In previous articles we have talked about the downsides of being at full capacity. We have talked about how capacity blockages inhibit growth and how to remove them. This is built on the assumption that practices naturally will grow and that they want to as well. Today, we’ll discuss the two different ways practices choose to plateau and the results that follow.
The “Sweet Spot”
Whenever you run into capacity, whatever your capacity is, I call that a ‘sweet spot’. People like to stay in sweet spots because the profit per effort at sweet spots is high. Also it usually requires an investment to get beyond this sweet spot. So people tend to like to stay in a sweet spot.
There’s nothing wrong with saying: “I’m enjoying what I am doing.
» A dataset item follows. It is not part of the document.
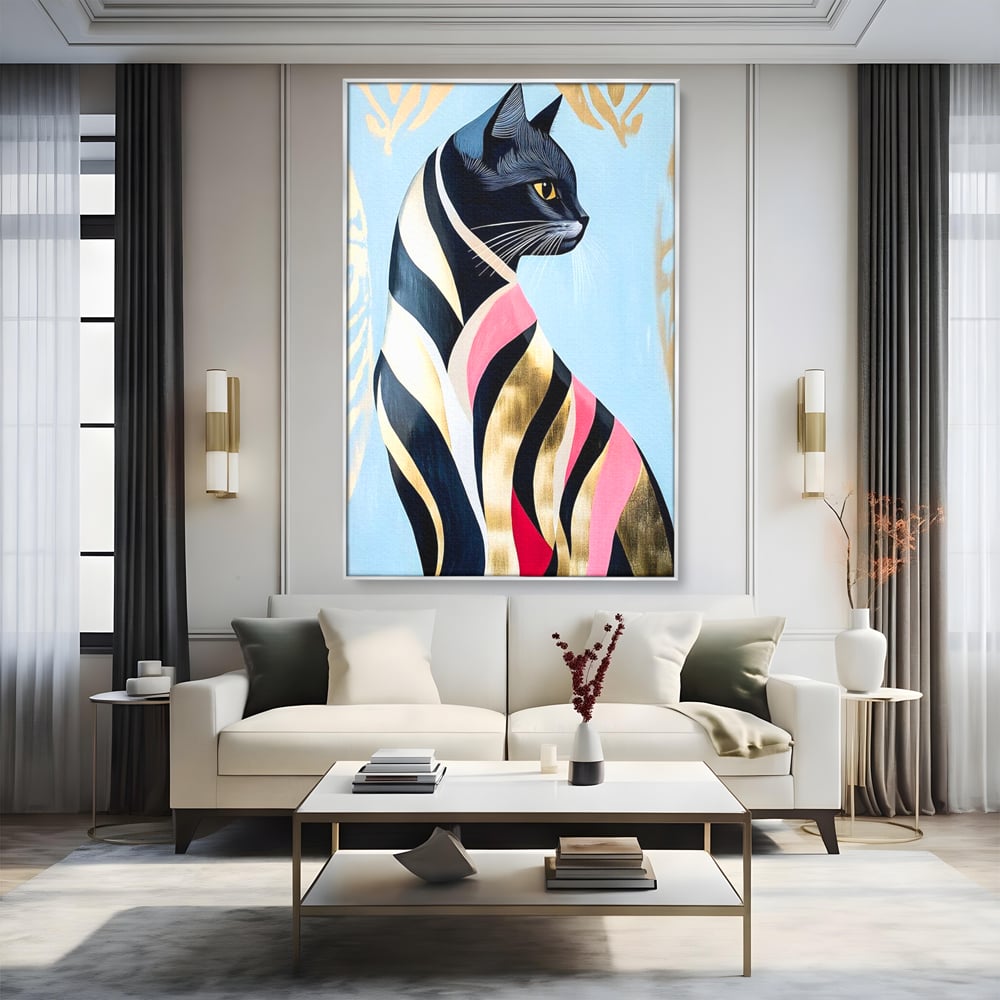 Tablou Canvas Premium, LuxCanva® M1177, Felina Sofisticata, Eleganta, Auriu, Grafica, Abstract, Pisica, Liniar, Pastel, Lux, Feminin, Desen, Modern, Birou, Living, Camera Copil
Right here is good enough.” This is one perspective but more frequently, I find practices that are capacity blocked and try to eke a little bit more out of what they’ve got. These practices would do so much better if they just broke out and did one thing to eliminate a capacity blockage.
As the expression goes, you can’t have your cake and eat it too. Either you can be satisfied with your practice as it is or you need to make the necessary investments to grow. Eking out minor improvements will not get you the results you desire.
Weeding Out Dentistry
As practices get nearer and nearer their capacity, some get very good at weeding out less productive dentistry. They end up focusing more on the higher productivity in dentistry.
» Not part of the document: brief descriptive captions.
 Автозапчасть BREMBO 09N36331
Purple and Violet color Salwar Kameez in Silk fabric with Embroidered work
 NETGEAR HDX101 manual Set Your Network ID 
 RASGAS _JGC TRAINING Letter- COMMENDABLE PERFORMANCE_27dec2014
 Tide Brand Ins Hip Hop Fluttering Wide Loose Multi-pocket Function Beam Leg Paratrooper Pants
But that’s not what usually happens. Usually what happens is that you get mired in busyness and you are not as productive. Decreasing demand because you don’t have enough capacity isn’t a great strategy.
As I said before, practices will naturally grow until something stops them from growing and what usually stops the growth is something that we’re doing. So choose to be happy where you are (assuming this is an option financially) or make the investments to grow. Any other move will not give you the results you wish to achieve.